Prolífico

En el ataúd. Descansa y serio. Lloran los dolientes. Las dolientes. A veces unos. Luego otros. Las flores llegaban. Era muy conocido. A esta edad de su muerte, se han hecho muchas amistades y conocidos. La imponderable muerte. El último andén. ¿Como había sido su vida? No importa. Eran los tiempos de las pendencias. De los duelos para limpiar honor. Había vivido bien. Al borde de la linea. Entre las cartas con apuestas. Así que había dinero. Y el poder de la palabra mas los guiños: bonita, chula, guapa. Pasemos a la capilla para la misa de cuerpo presente, dijo uno de los trabajadores de la funeraria. Y por delante el ataúd. Y detrás los familiares y amigos. La despedida.Ya en la capilla estaba el sacerdote. De rostro bonachón y peso como de lanzador de bala. Alto. La sotana era negra con colores violeta y púrpura en el cuello. Mas los cordones distintivo de alguna Orden de los católicos. E inicia el ritual. Todos atentos. Lágrimas y murmullos. Como entre dientes. La despedida. El cura recarga un brazo en el ataúd. Terciopelo negro.

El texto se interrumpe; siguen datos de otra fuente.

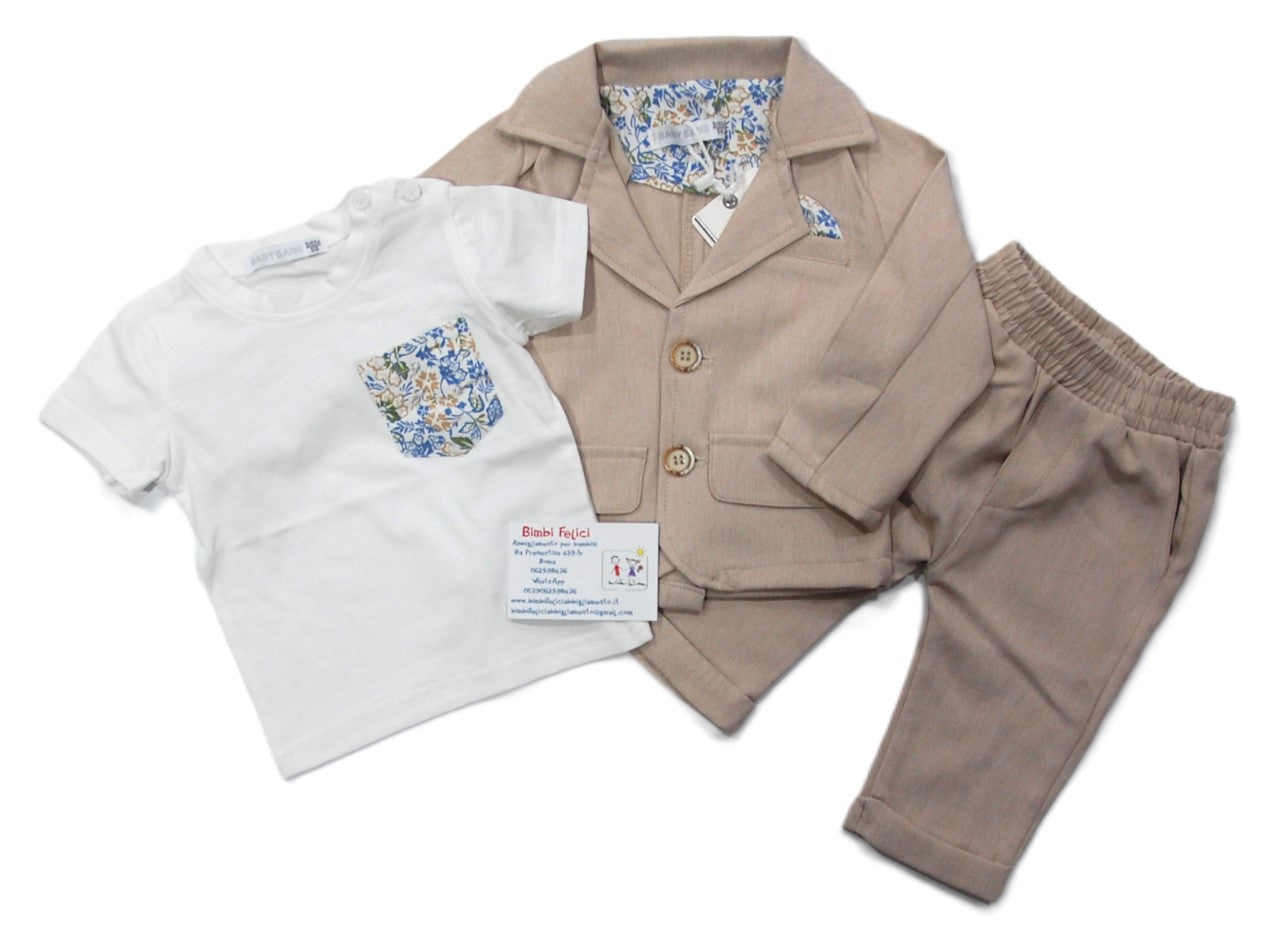 Completo baby maschio elegante leggero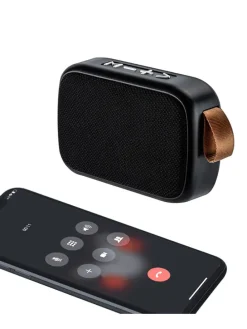 Mini głośnik Bluetooth w kolorze czarnym - 11 x 8 x 4 cm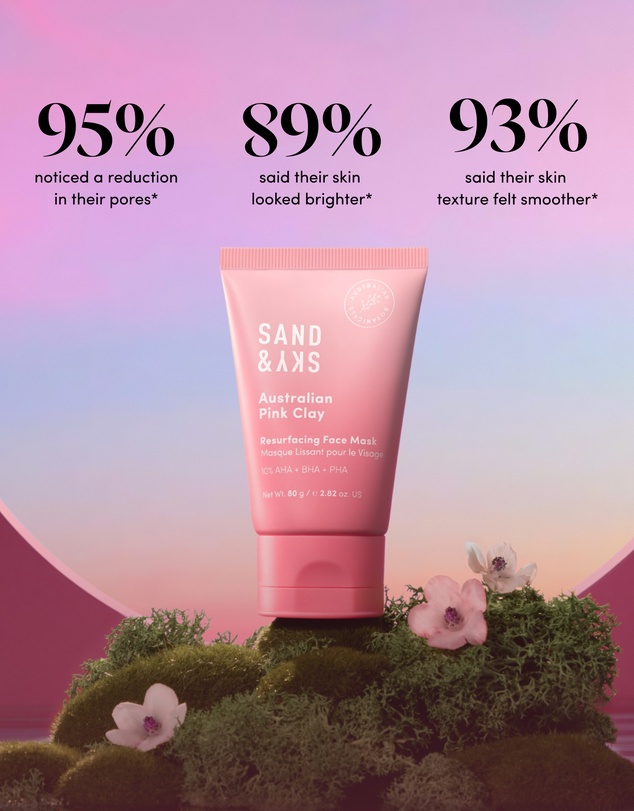 SAND & SKY - Australian Pink Clay Resurfacing Face Mask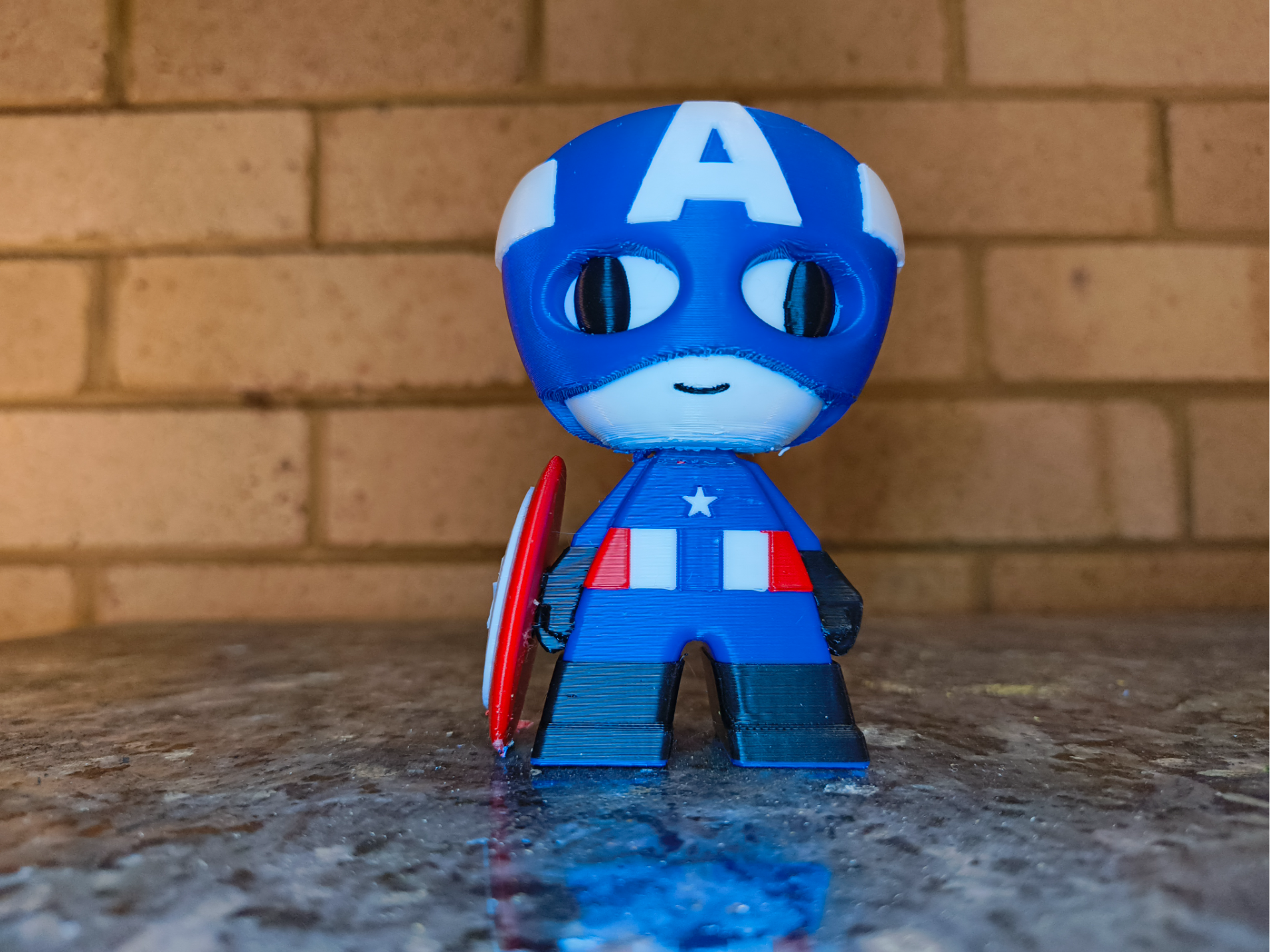 Captian_America Anime character - 4 Color AMS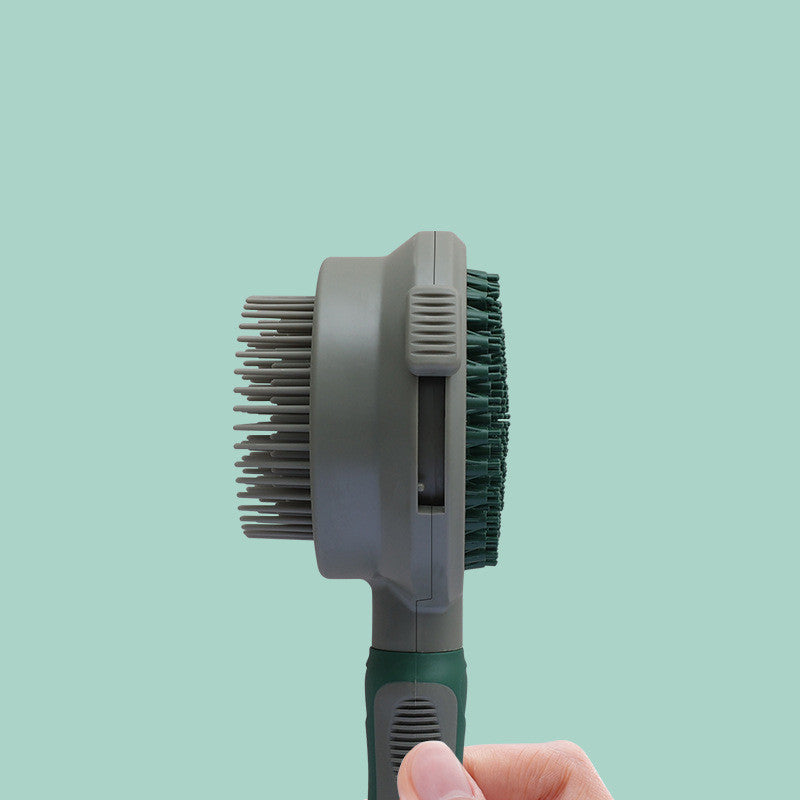 Pet Hair Removal Comb Cat Brush Self Cleaning Slicker Brush Hair Removal Double-sided Massage 0f984c88 3881 48da a6e7 f9d3d93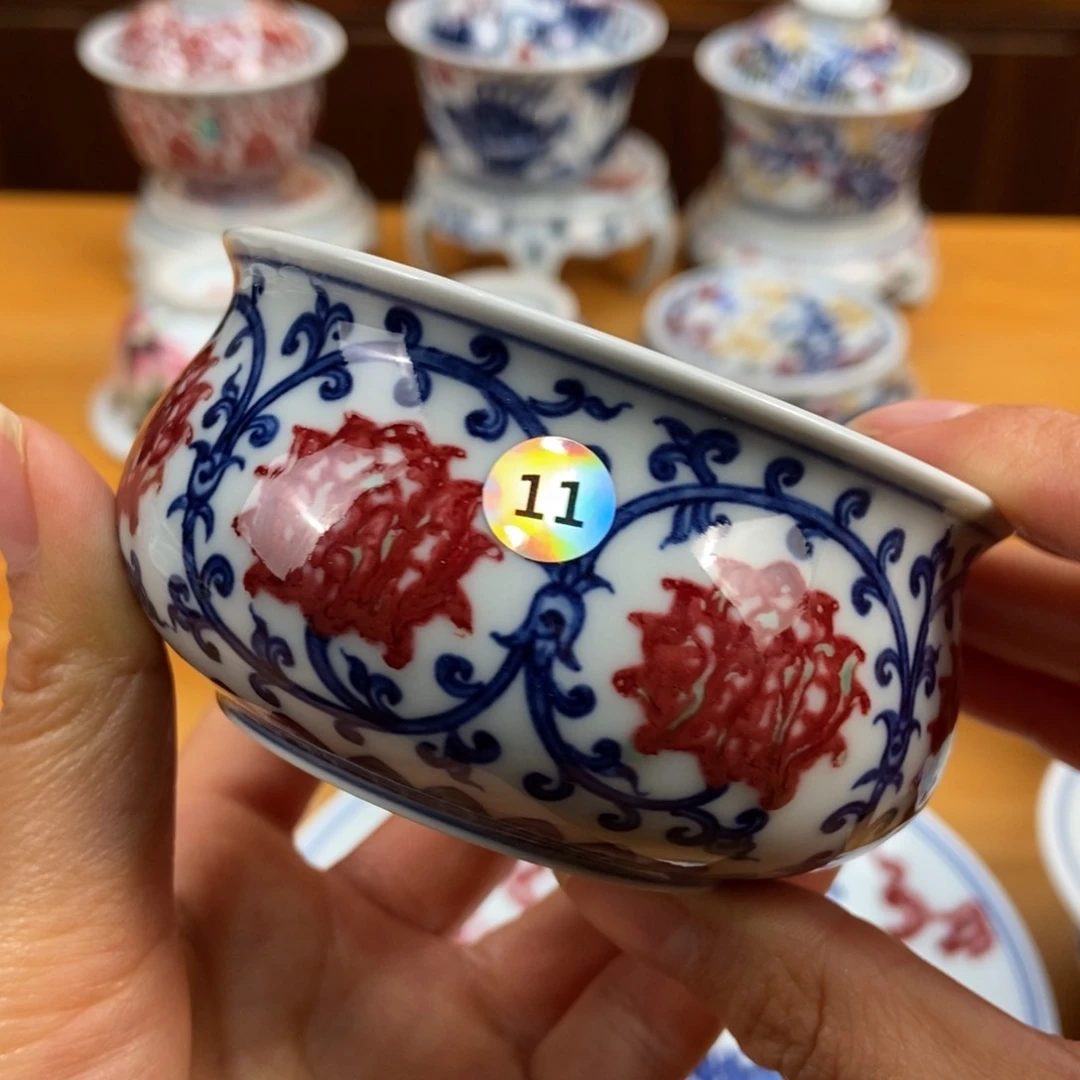 手绘现代茶具非古董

Una figura de Cristo sobre la tapa. El aire soplaba suave. Un frescor necesario para el tanto calor. Ya al finalizar, el cura pide que levanten la mano los hijos e hijas del difunto. "Para darles un mensaje más directo, personal, para aliviar su dolor por la pérdida del buen hombre que hoy despedimos". Los hijos e hijas asistentes levantaron la mano. Conté cincuenta y nueve. Solo como quince no lo hicimos. Amén, dijo el cura, haciendo notar con sonrisa esbozada la broma que le hizo al prolífico difunto. Ahora callado.